The contrast between app and community was illustrated by the way in which Cherelus and The New York Times editors chose to frame the limits these apps impose on users. As the article put it, “Legacy dating apps like Tinder, Hinge and Bumble took off in the 2010s thanks to the promise of almost limitless possibility; you, the dater, were in control. Now, is there an appetite for being dommed by your dating app?” Yes, that is “dommed,” as in “domination,” as in the sexual fetish.
The implication is that trying to forge a real connection by limiting one’s options (and maybe even adding in a little accountability) is just another personal peccadillo, that limiting oneself is just another option on the limitless menu. And Cherelus isn’t necessarily wrong about this. Without a normative understanding of what romantic and sexual relationships should be, we are left only with individual idiosyncrasies, with no way to judge between different personal preferences. If someone wants to use an app that limits their options, that’s fine; it’s just one more choice at the buffet of sexual liberalism.

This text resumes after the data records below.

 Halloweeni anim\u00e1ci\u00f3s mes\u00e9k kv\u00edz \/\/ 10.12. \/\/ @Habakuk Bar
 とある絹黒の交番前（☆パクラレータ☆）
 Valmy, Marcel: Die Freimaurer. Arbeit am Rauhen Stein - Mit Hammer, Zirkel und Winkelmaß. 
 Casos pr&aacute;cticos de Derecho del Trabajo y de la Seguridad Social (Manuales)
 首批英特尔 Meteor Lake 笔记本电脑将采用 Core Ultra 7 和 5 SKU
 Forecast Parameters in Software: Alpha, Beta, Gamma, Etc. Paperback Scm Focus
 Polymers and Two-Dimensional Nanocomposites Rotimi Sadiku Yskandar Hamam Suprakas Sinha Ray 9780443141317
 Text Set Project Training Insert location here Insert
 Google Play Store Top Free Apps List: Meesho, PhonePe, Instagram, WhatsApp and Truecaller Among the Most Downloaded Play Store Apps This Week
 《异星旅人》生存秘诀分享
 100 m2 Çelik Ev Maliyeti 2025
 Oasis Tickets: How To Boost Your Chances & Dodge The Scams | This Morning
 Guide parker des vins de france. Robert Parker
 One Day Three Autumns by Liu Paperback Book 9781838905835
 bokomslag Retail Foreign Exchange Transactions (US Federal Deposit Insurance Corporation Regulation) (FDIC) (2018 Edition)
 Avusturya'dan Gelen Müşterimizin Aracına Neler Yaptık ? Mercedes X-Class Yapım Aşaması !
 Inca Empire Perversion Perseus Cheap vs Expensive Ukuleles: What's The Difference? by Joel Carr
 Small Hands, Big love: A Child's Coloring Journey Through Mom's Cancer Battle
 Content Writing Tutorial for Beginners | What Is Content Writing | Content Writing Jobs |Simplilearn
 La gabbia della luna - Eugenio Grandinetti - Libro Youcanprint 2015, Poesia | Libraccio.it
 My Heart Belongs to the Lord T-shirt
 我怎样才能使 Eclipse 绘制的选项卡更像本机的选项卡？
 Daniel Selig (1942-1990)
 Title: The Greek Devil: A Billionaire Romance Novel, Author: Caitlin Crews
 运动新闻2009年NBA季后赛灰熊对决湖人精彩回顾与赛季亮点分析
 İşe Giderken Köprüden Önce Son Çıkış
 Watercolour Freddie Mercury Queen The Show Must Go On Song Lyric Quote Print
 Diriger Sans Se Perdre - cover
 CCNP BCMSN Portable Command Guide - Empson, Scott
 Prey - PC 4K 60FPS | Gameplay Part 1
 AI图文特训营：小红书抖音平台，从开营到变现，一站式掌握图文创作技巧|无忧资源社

This framework reinforces the current cultural regime of sexual liberalism. But that regime is failing on its own terms. The sexual revolution promised us that prioritizing the pursuit of sexual pleasure would lead to more authenticity, happiness, and, of course, lots of great sex. But selfish pleasure seeking tends to be self-defeating, and so sexual liberation has produced an extended, and worsening, “sex recession” that has left Americans lonelier and having less sex.
Declining marriage rates are the main reason for the sex recession. Despite endless pop culture portrayals of marriage as where desire goes to die, it makes sense that married people have more sex. After all, a committed partner is more conducive to regular (and more satisfying) sex than unstable relationships, let alone hook-ups. Thus, less marriage means less sex. The sex recession is one of the many ways sexual liberalism has hurt people while failing to keep its promises.
These empty promises give Christians an opportunity to offer a broken culture more than just a slightly improved dating app. We can provide hurting and confused people with an explanation of what has gone wrong in our romantic and sexual culture, and guidance in how matters may be put right. And we can offer a community in which to do this.
After all, The New York Times’ comparison of these apps to a sexual fetish had a bit of truth in it, insofar as they are just another form of consumer choice. To build a true counterculture amid the wreckage of sexual liberalism, individual choices need to be reaffirmed and solidified into something more enduring and permanent than an app choice. And Christians have an opportunity to provide something better to our damaged culture; churches can provide a place where real community and real commitments can flourish.
Churches can help form young men and women to be good husbands and wives, and provide a community of trust and accountability as they navigate the difficulties of dating and getting married. Churches are more than venues where marriage vows are cheered as they are made, but communities where they can be supported and strengthened over the years. Churches can provide both material help (e.g., baby showers and meal trains for new parents) and advice, encouragement, and admonition as needed.
In a relational culture of cynicism and despair, churches can provide hope and help in living the vocations of marriage and family life that most of us are called to. The best dating app can only start relationships. Churches can nurture and sustain them.